Feature fusion is one of the most useful methods to detect multi-scale defect. But the previous two-branch object detection method didn’t use FPN, because it’s difficult to select the most representative features from FPN. To address this issue, we propose Multi-Scale Fusion not only to avoid the selection, but also to fuse features from different resolution, as shown in Figure 5.
When fusing features with different resolutions, a common way is to first resize them to the same resolution and then sum them up. However, we observe that different input features usually contribute to the output features unequally since they are at different resolutions. We notice that the support branch hasn’t been exploited in the previous methods. The information of support branch was idle. So, we propose an attention module to utilize the information of support branch to learn fusion weights. The attention module is a bottleneck network consisting of 3*3 convolution, 1*1 convolution and sigmoid operation. The value of each normalized fusion weights falls between 0 and 1.
The support branch should provide diverse features and perspectives of different resolutions so that attention module can learn more effective fusion weights. So, we utilize multi-scale training, random flipping, color jitter and other augmentations for the images in support branch.

4. Experiment

4.1. Dataset

The wear debris defect dataset and weld defect dataset used in this paper are collected from a domestic company. The weld defect dataset contains defects of round, crack, icf, lop, and bar, as shown in Figure 6. The number of each category in weld defect dataset is shown in Table 1. The training set in the weld defect dataset contains 555 images and the validation set contains 138 images. And The wear debris defect dataset contains defects of copper, cutting, fatigue, severe sliding, and spherical, as shown in Figure 7. The number of each category in wear debris defect dataset is shown in Table 2. The wear debris defect dataset contains 2643 images in the training set and 882 images in the validation set.
We use the weld defect dataset as the base dataset and the wear debris defect dataset as the novel dataset to carry out the 5way-5shot, 5way-10shot, 5way-30shot few-shot object detection tasks according to the settings in Section 3.1. The data used in few-shot setting are sampled from wear debris defect dataset.

4.2. Implementation

Our model is trained end-to-end on 4 NVIDIA 1080Ti GPUs in PyTorch. Our framework consists of two training phases. In the pre-training stage, the training dataset is weld defect dataset. The batch size is 8 (for query image) and the learning rate is 0.004 for the first 25,000 iterations and 0.0004 for later 25,000 iterations. In the fine-tuning stage, the training dataset is wear debris defect dataset. The batch size is 8 (for query image) and the learning rate is 0.001 for the first 2000 iterations and 0.0001 for later 2000 iterations. All accuracy results are calculated on the validation set of the wear debris defect dataset in this paper unless otherwise specified. The query images are resized to short size M * M , in which M is sampled from 440–600, and the maximum long side is set to be 1000. The support images are cropped from the annotations and padded with 16 pixels around it, then resized to N * N , in which N is sampled from 256–384. We fix the weights of Res1-3 blocks and only train high-level layers to utilize low-level basic features and avoid over-fitting. We adopt the COCO-style AP, AP50 and AP75 for evaluation.

4.3. Evaluation

4.3.1. Comparison between Single-Branch and Two-Branch Object Detection Models

The accuracy results of Faster RCNN [13], few-shot model FSCE [3] and baseline are shown in Figure 8. Three models trained with the same data, same experimental settings. It is worth mentioning that both Faster RCNN and FSCE using FPN, but the Baseline does not. The accuracy of baseline is higher than Faster RCNN and FSCE, which proves that the two-branch object detection model is more suitable for few-shot defect detection tasks.

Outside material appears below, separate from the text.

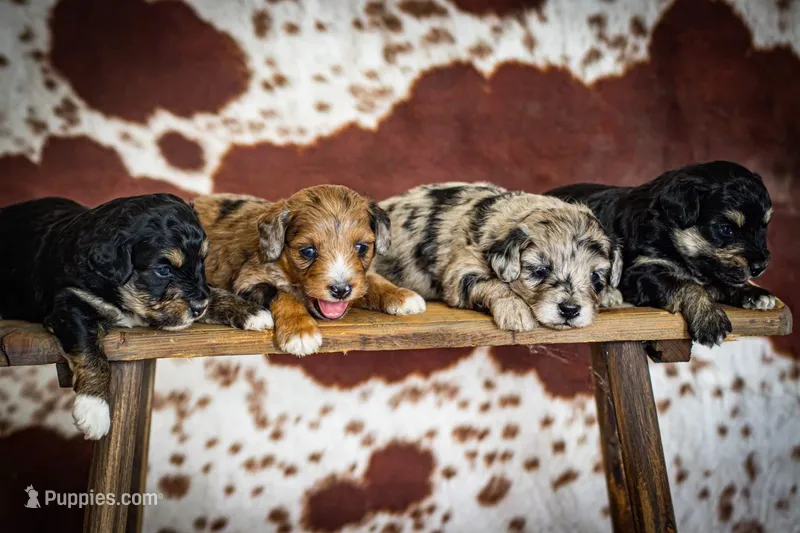 Callie’s puppies, a female Miniature Aussiedoodle for sale in Jonesboro, AR – Photo 1 of 10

4.3.2. Evaluation of Aligned Contrastive Loss

Few-shot detection results for Aligned Contrastive Loss are shown in first and second row of each setting in Table 3. The model with Aligned Contrastive Loss has accuracy improved on AP50, AP75, APs, APm and APl. The lowest APs accuracy of baseline is only 0.69% due to the small number of data, and this phenomenon proves that the model doesn’t fully exploit data. When Aligned Contrastive Loss is added, APs accuracy increase by 14.76% (5shot), 15.32% (10shot), and 15.22% (30shot).
The AP accuracy for each category is shown in first and second row of each setting in Table 4. The feature and size between coppers and fatigue are very similar, which puts a burden on model learning, as shown in Figure 2. With Aligned Contrastive Loss, AP accuracy for these two defects is improved, indicating that our model learns more distinguishable features.

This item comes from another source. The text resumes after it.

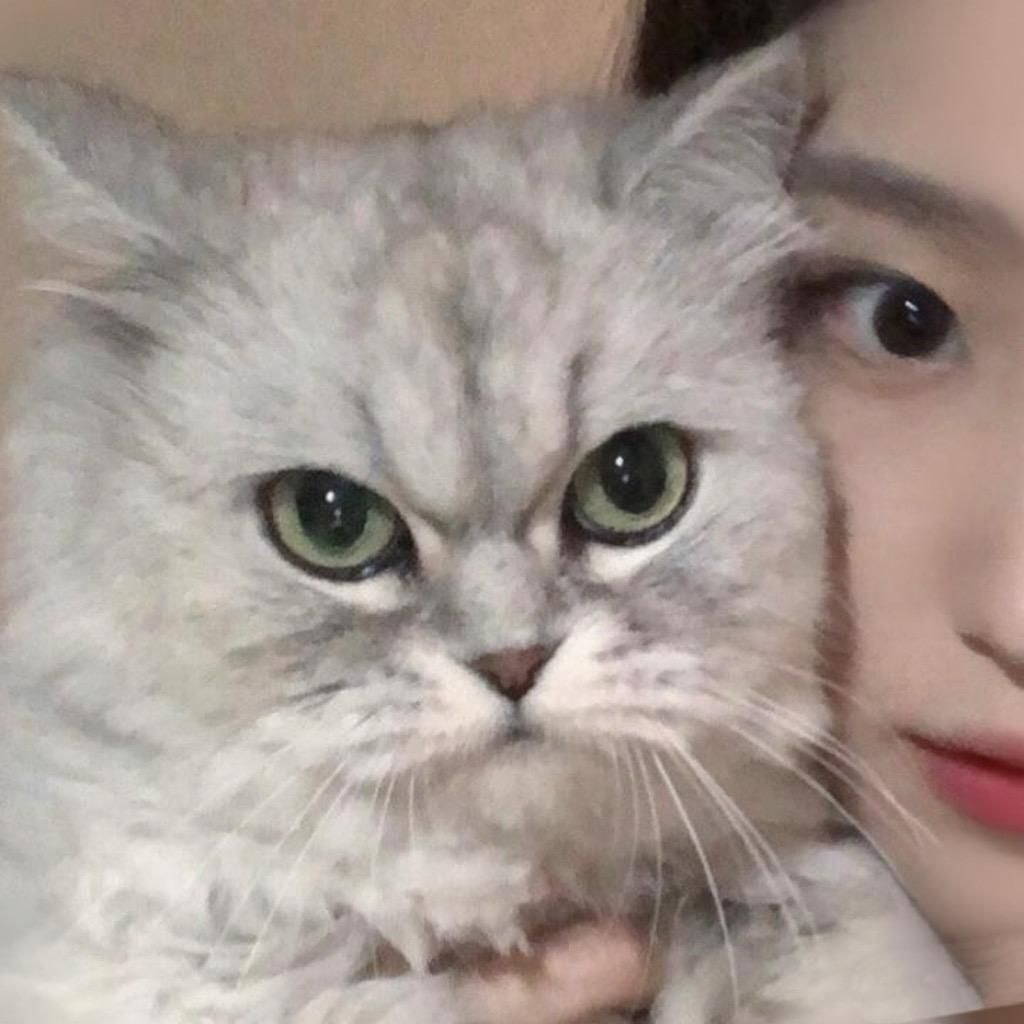 zlllieyy12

4.3.3. Evaluation of Multi-Scale Fusion

Few-shot detection results for Multi-Scale Fusion are shown in first and third row of each setting in Table 3. The results indicate that the combination of multi-scale features has greatly alleviated the problem of excessive scale variation of defect.
We analyze the wear debris defect dataset, and the average bounding box size of each defect category is shown in Figure 9. Typically, spherical has the smallest average size, and severe sliding has the largest. AP accuracy of both defects is improved in Table 4, demonstrating the effectiveness of the Multi-Scale Fusion.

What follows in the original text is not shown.